Objective This study determined the form of cellular donor MHC alloantigen necessary for the induction of intrathymic tolerance. Background The authors have achieved indefinite donor-specific tolerance, to a fully MHC-disparate rat heterotopic cardiac allograft, after the pretransplant intrathymic injection of unfractionated donor splenocytes and a single injection of rabbit anti-rat lymphocyte serum (ALS), without subsequent immunosuppression. Methods Male 4-12-week-old Buffalo (RT1b) rats underwent an intrathymic injection of either fractionated Lewis (RT1(1)) red blood cells (purified by Ficoll gradient) or T lymphocytes (purified by nylon wool column and plastic adherence), both of which express only MHC class I alloantigens, or B lymphocytes, macrophages, and dendritic cells (purified by plastic adherence) which express both MHC class I and class II alloantigens. At the completion of alloantigen injection the Buffalo recipient rats were given 1 ml of ALS intraperitoneally. Twenty-one days later a heterotopic Lewis heart was transplanted. Results The intrathymic injection of the fractions of Lewis MHC class I and class II expressing B lymphocytes, macrophages, and dendritic cells induced a donor-specific tolerance that resulted in indefinite Lewis cardiac allograft survival (MST > 125 days) in all recipients without further immunosuppression, whereas groups receiving MHC class I expressing red blood cell or T lymphocyte injections plus ALS rejected Lewis cardiac allografts with a MST of 7.3 and 16.5 days, respectively, thus indicating that the MHC class II expressing cell is necessary for the induction of intrathymic tolerance. Buffalo recipients with a long-term surviving Lewis cardiac allograft, after Lewis MHC class II expressing cells were still able to reject a third-party heterotopic ACI (RT1a) cardiac allograft in normal time (MST = 7.0 days), but did not reject a second Lewis cardiac allograft (MST > 100 days).

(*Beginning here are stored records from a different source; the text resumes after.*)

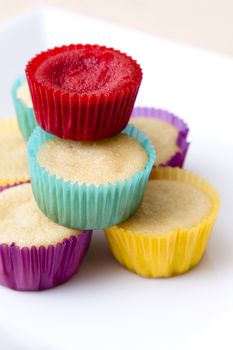 Plate of small undecorated cupcake in multicolored paper cup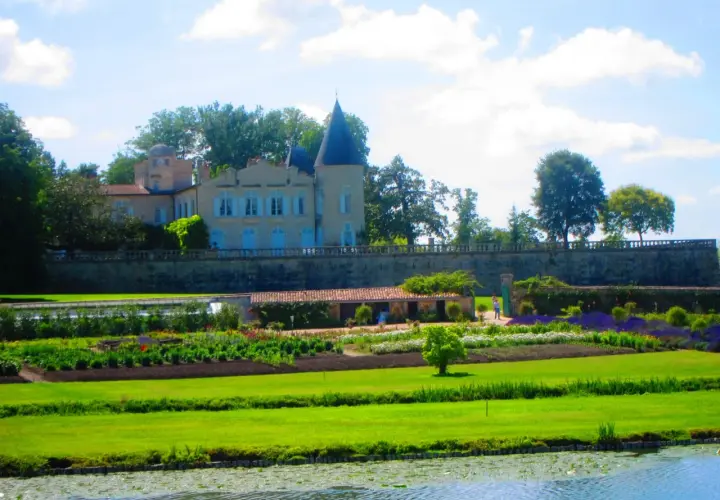 Schloss mit Türmchen und Gartenanlage, davor ein Teich.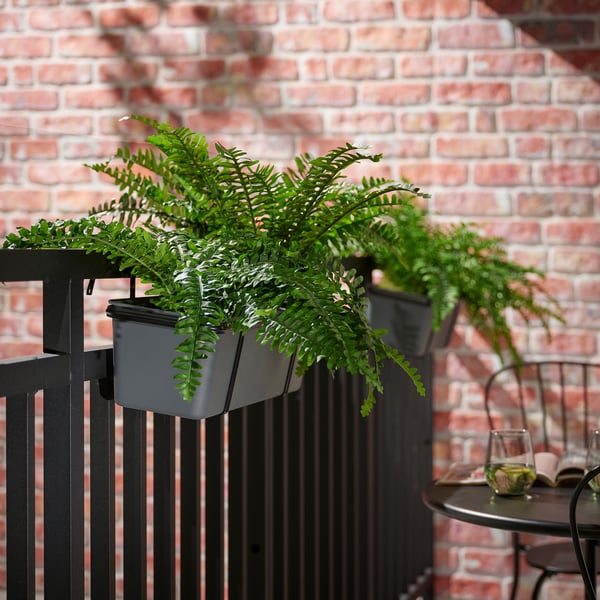 Ringhiera in metallo nero con piante artificiali FEJKA grigie, fogliame verde e un tavolino con vetro e libro.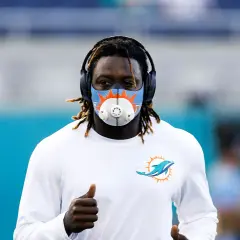 Miami Dolphins player running with an altitude mask training, headphones on, and giving a thumbs up.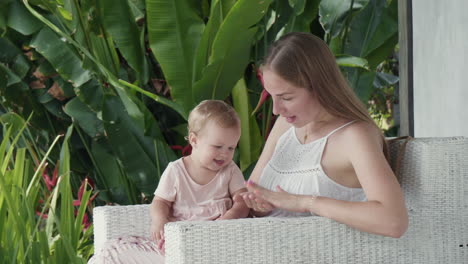 baby watching mother clapping hands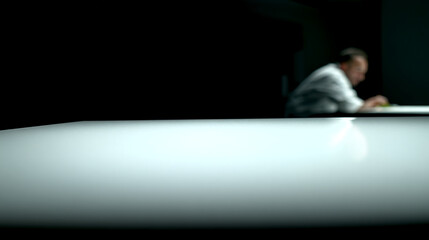 Fototapeta premium Blurred man in a white shirt working at a table in a dark room.
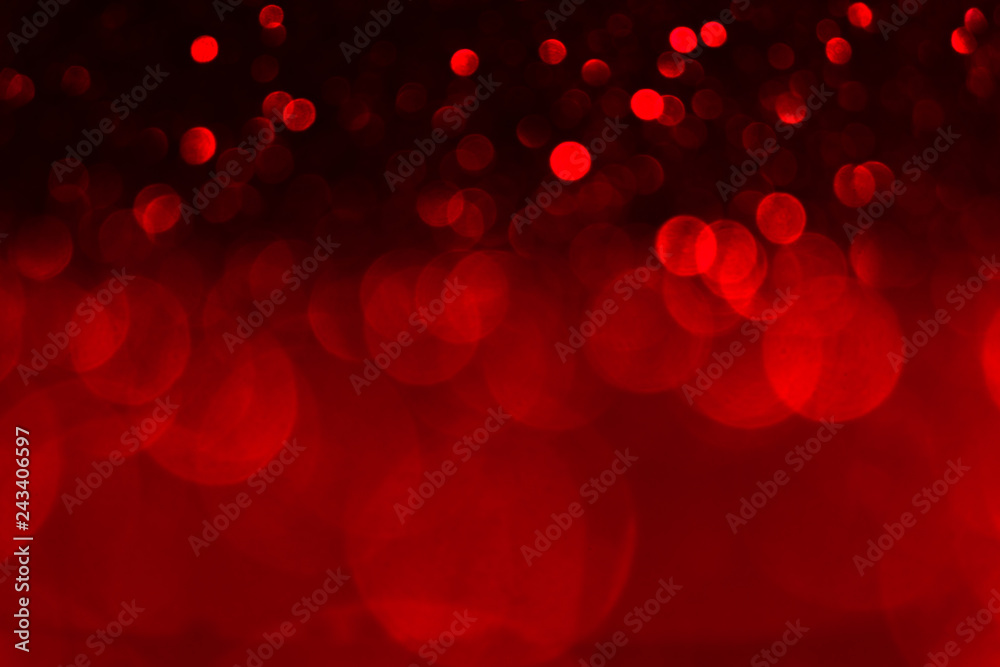 Valentine's day red lights defocused background. Red bokeh concept.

Additionally, the intrathymic injection of MHC class II expressing cells resulted in decreased Interleukin-2 (IL-2) production and an 80% decrease in in vitro donor-specific cell mediated cytotoxicity, whereas the cytolytic response to a third party was unaltered. Conclusion Donor MHC class II, and not class I, expressing cells are the cells in donor splenocytes, injected intrathymically, responsible for the development of donor-specific allograft tolerance.